Welcome to another Terrible Tuesday, which I suspect will become a bit of a rant by the end.  Before I serve up some righteous indignation, I wanted to mention Memorial Day.

Many members of my family have served in the United States military, most recently my brother, and all of them have come home from war safely.  We have a lot to be proud of and a lot to be thankful for.

And now to segue like a ton of bricks, I’m thankful for a new edition of Warhammer 40K.  It’s billed as the seventh edition of the game, though I’ve read some people refer to the 6.5… I guess I can get behind that.  Yes, it’s more of a tightening up than it is a new rules set, but with the addition of a psychic phase plus the incorporation of Lords of War and numerous fortifications I believe it was a good time to reintroduce the game to the public.
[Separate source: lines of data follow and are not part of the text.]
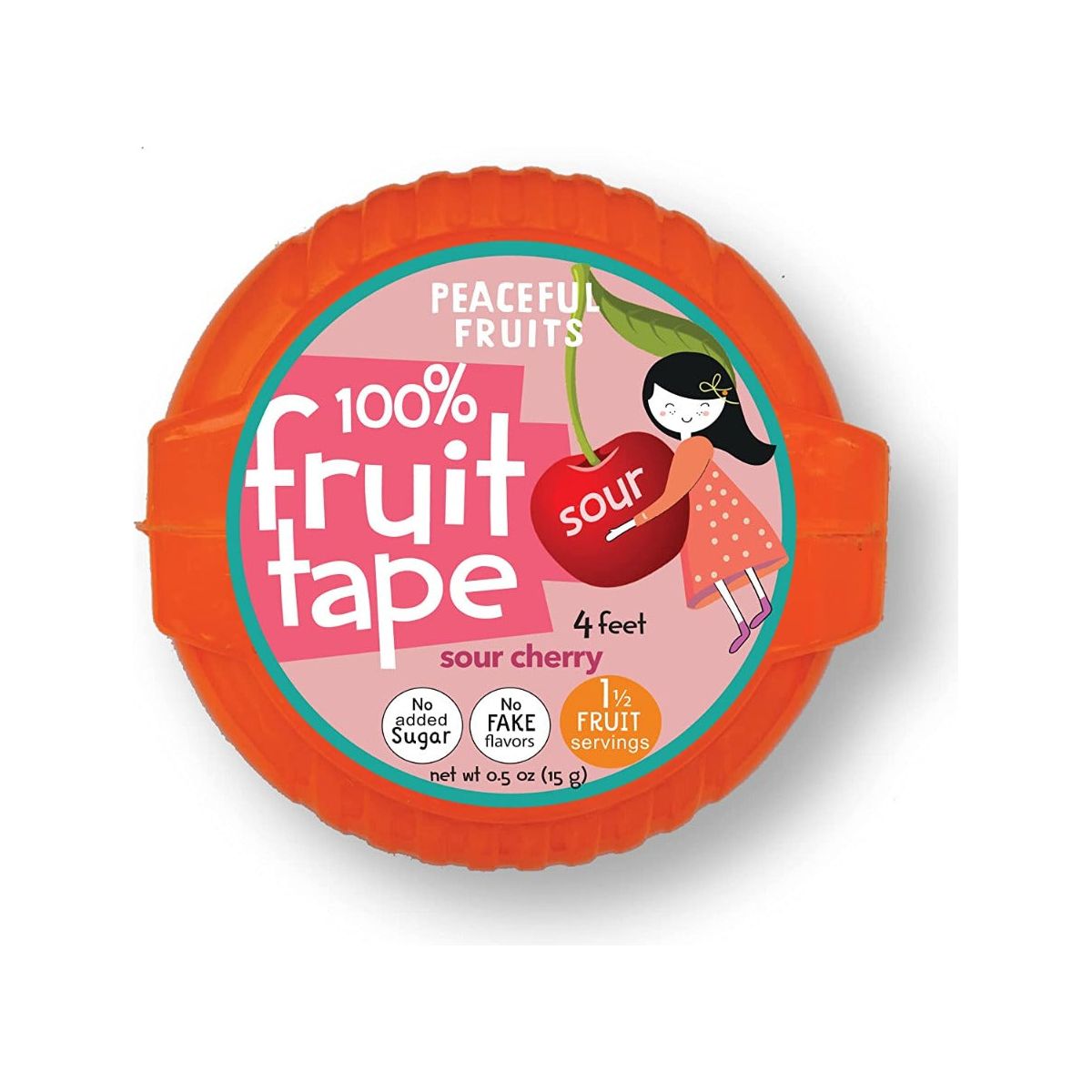 PEACEFUL FRUITS: Sour Cherry Candy Fruit Tape, 0.5 oz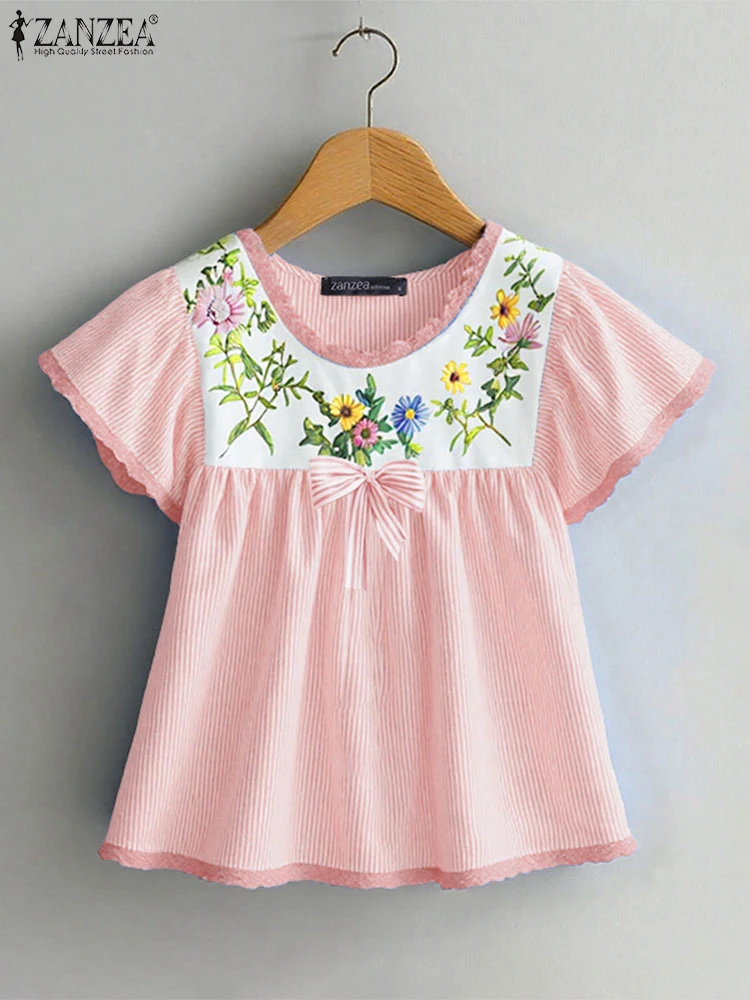 

ZANZEA O-Neck Floral Print Smock Tops Fashion Striped Short Sleeve Lace Trim Blusas Mujer 2025 Summer Woman Casual Blouses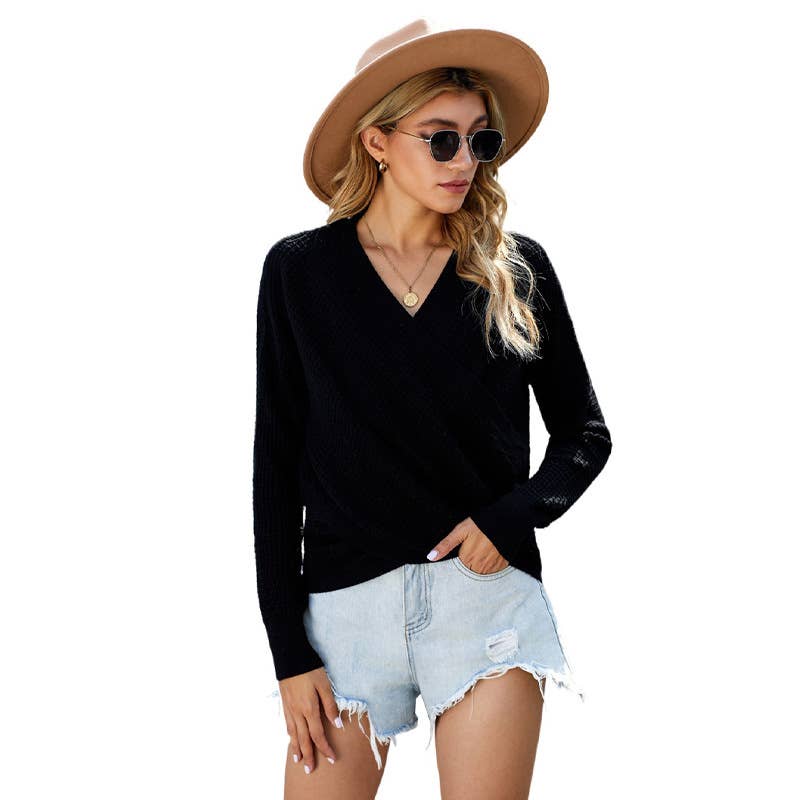 CROSSED V-NECK SOLID COLOR LONG-SLEEVED SWEATER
That said, I’m purchasing smarter these days. In the past, my $340 special edition bells-and-whistles version would be in the mail. Now? I downloaded the interactive digital copy on my iPad Saturday morning and was quite happy, thank you! Since then, I’ve spent numerous hours digesting the changes and ‘highlighting’ my copy, and there is a lot I want to chat about here on BoLS.  More than anything though, I’m really looking forward to actually playing the game! I like the idea of the new mission types and the new psychic phase should hopefully streamline that portion of the game, which had become a silly exercise of bookkeeping.

But we have to start somewhere.  I’m starting at the beginning with the development of army lists.
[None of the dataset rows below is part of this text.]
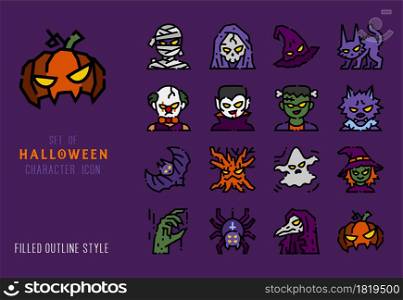 Halloween character colored line icon set for decoration. Filled outline detailed pictogram.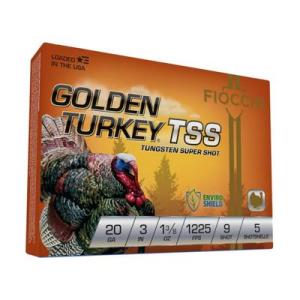 Fiocchi Golden Turkey TSS 20 Gauge 1 3/8 oz 3 in 9 Shot Centerfire Shotgun Ammunition 5 Rounds 203TSS9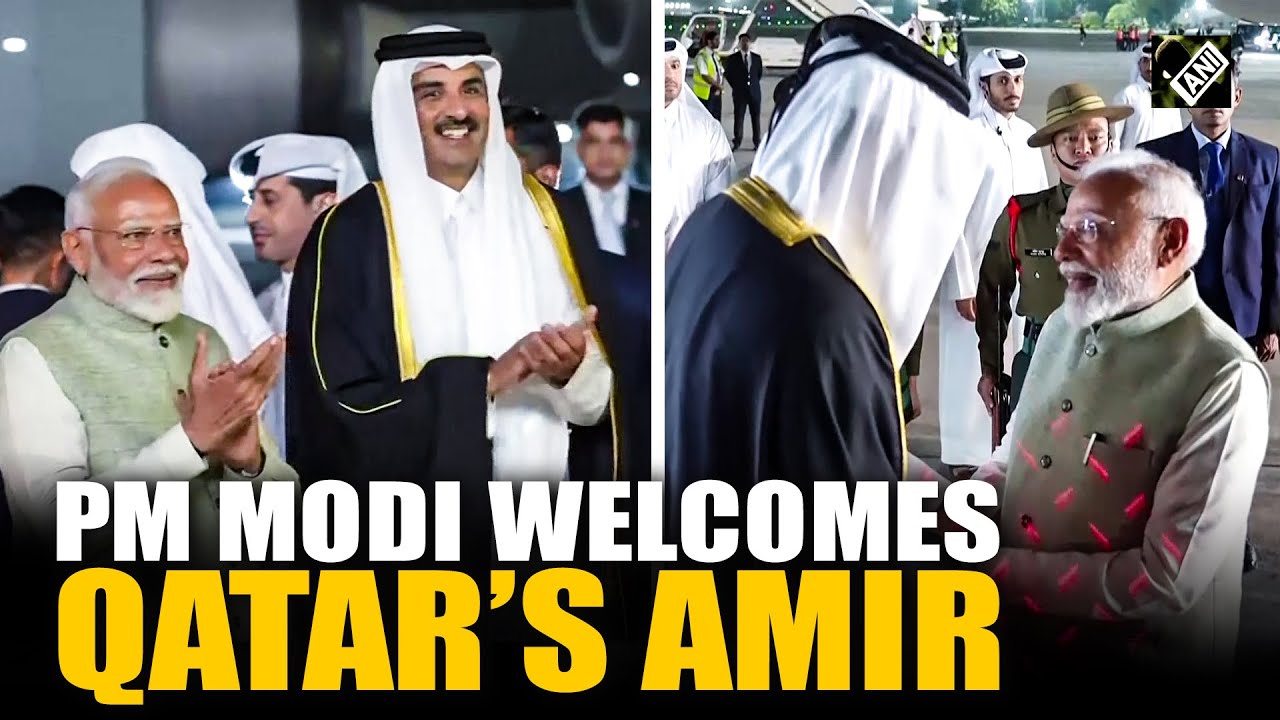 PM Modi welcomes Qatar Amir at Airport as latter lands in India for a two-day visit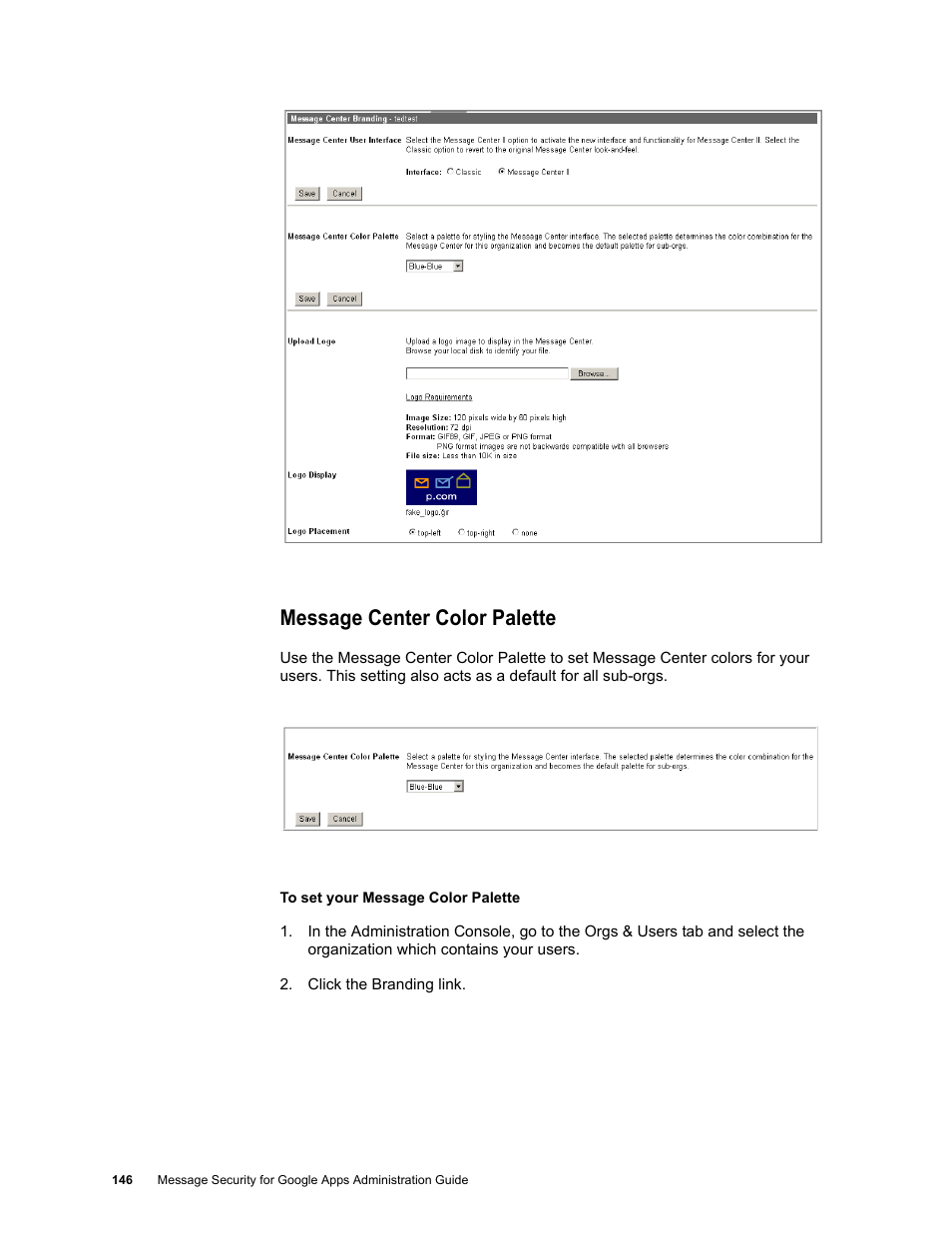 Message center color palette | Google Message Security for Google Apps Administration Guide User Manual | Page 146 / 418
Battle-Forged and Unbound Army Lists

You know what?  I really like the idea of Battle-Forged and Unbound armies. There’s been a lot of discussion about what this design process will theoretically do to the game, but there hasn’t been much discussion of what it actually entails.  Battle-Forged is basically any combination of Detachments; currently, we know about three. The first is called Combined Arms, which is basically the standard force organization chart we are all used to. The second is an Allied Detachment, which again is a concept we’re all familiar with; the standard HQ and one Troop unit. The third and final type of detachment is the Formation. It is not a new idea but rather has been a standard in the Apocalypse game; more recently, we’ve seen a lot of data slates released as digital supplements.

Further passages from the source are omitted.